DeAndre saw the demise two of his relatives who were his football idols, both of whom played at Clemson. His uncle Terry Smith, after playing for a couple years on the Colts’ practice squad, was shot and killed by Atlanta police after he had broken into his estranged wife’s apartment and stabbed her. And his cousin, Javis Austin, after seeing that he was falling down the depth chart at Clemson attempted suicide by shooting himself in the face. Austin survived the incident, but it blinded him in one eye and it ended his football career. The good news is that he now is a special ed teacher at a Clemson elementary school.

DeAndre has always said that playing football has been his escape from the tumult of every day life.

Do you now why DeAndre chose #10 as his jersey number?

Obviously, Hopkins is no stranger to the fact that according to the NAACP, “African Americans and whites use drugs at similar rates, but the imprisonment rate of African Americans for drug charges is almost 6 times that of whites.”

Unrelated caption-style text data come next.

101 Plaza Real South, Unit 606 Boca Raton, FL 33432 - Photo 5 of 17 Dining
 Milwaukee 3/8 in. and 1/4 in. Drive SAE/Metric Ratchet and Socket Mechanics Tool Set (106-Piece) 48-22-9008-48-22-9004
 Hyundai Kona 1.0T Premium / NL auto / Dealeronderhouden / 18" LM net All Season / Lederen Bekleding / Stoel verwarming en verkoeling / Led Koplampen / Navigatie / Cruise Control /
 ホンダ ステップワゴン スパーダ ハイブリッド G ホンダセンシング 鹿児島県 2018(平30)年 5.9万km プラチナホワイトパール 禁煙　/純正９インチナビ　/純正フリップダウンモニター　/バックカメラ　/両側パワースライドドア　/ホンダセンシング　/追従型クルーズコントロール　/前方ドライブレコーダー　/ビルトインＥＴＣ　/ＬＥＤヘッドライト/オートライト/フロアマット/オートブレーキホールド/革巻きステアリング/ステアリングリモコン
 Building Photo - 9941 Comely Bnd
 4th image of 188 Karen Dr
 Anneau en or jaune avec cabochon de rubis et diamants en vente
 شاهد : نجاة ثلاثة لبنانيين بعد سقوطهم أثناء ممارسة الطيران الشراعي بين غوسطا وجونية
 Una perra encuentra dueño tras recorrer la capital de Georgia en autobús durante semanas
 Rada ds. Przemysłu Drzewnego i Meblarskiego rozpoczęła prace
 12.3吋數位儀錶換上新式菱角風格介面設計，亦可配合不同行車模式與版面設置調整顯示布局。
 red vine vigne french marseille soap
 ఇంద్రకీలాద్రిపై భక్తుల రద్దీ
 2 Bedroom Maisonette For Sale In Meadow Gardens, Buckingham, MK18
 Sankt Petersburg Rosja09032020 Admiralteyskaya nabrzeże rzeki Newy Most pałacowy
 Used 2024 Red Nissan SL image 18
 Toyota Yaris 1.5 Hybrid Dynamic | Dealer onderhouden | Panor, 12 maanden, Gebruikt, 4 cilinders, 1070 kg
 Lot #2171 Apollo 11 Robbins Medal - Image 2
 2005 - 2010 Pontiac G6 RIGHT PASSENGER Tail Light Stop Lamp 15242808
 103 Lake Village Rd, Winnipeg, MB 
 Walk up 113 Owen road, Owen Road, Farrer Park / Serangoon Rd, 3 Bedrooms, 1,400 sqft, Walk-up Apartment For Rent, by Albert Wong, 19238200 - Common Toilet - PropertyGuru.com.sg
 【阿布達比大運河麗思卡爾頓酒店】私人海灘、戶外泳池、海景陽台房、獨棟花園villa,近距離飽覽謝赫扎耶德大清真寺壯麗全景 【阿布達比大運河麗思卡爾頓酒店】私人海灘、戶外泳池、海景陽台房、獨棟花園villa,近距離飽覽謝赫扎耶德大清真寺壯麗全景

And now DeAndre Hopkins and Deshaun Watson are leading an effort of change at their alma mater. Per USA Today:

“Two former Clemson Tigers stars and current NFL players, Arizona Cardinals wide receiver DeAndre Hopkins and Houston Texans quarterback Deshaun Watson, are calling on their alma mater to remove the name of John C. Calhoun from the honors college.

Calhoun, who served as the vice president of the United States under two presidents (John Quincy Adams and Andrew Jackson) from 1825-1832, was a proponent of slavery. Clemson is built on the former South Carolina senator’s Fort Hill plantation, on which he enslaved approximately 70-80 African-Americans, according to the school’s website.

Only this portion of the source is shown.